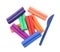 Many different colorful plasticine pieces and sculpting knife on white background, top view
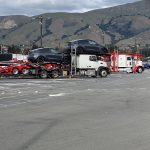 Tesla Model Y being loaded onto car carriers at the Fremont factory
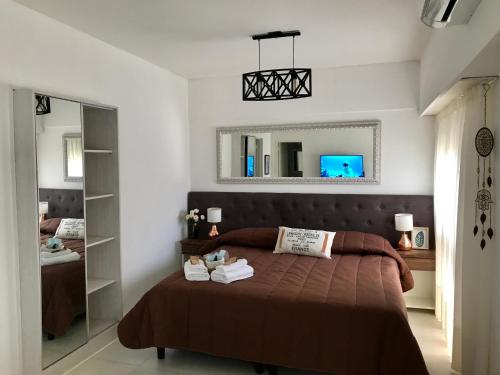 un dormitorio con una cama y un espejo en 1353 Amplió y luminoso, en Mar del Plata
:::
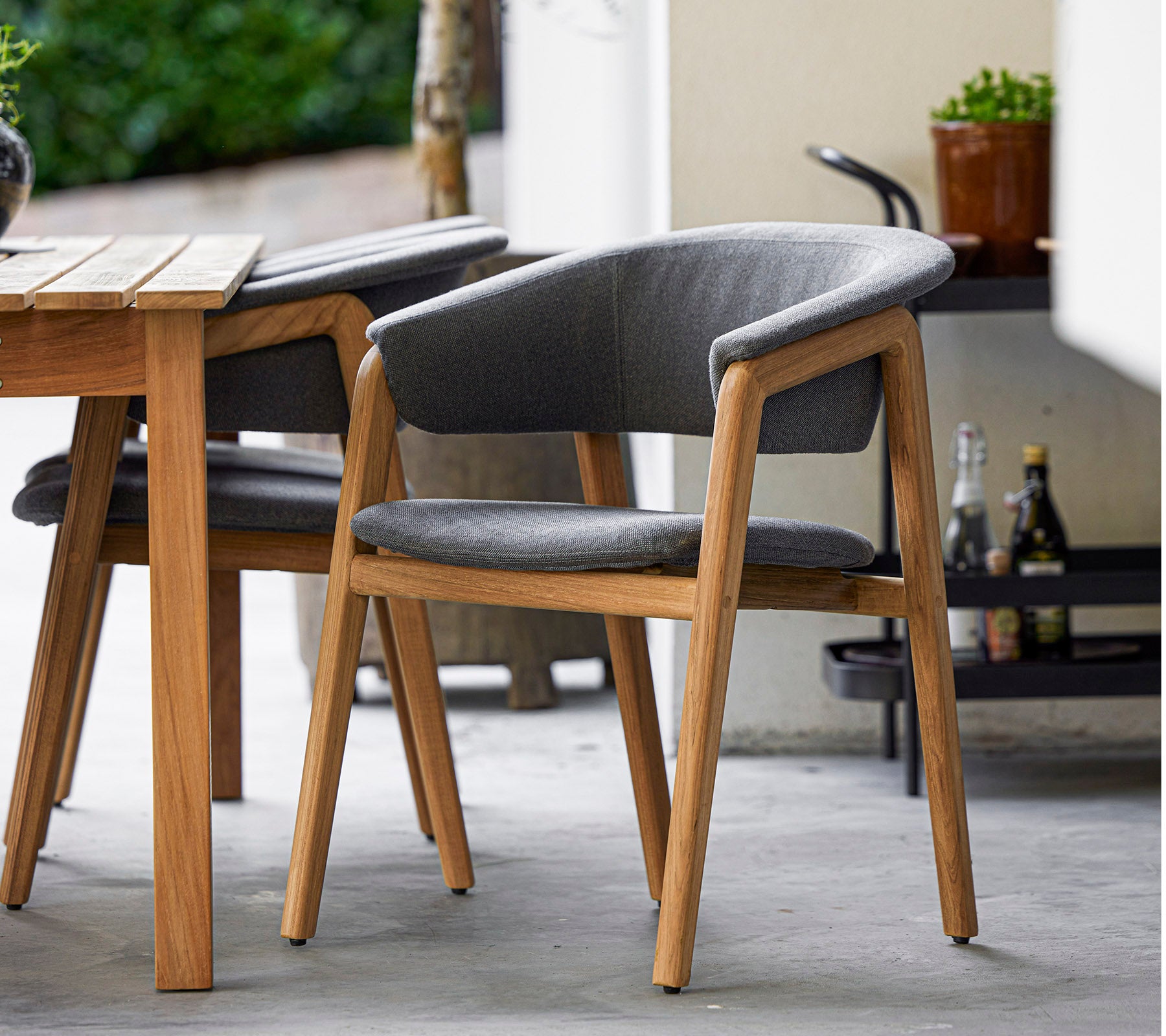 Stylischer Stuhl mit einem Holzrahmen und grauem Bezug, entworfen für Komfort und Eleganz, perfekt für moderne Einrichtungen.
:::
#### Problem statement:
Above are the records; restate exactly the lines from the one containing "Tesla Model Y" through the one containing "un dormitorio con", keeping pictures out.

#### Answer section:
 Tesla Model Y being loaded onto car carriers at the Fremont factory
 un dormitorio con una cama y un espejo en 1353 Amplió y luminoso, en Mar del Plata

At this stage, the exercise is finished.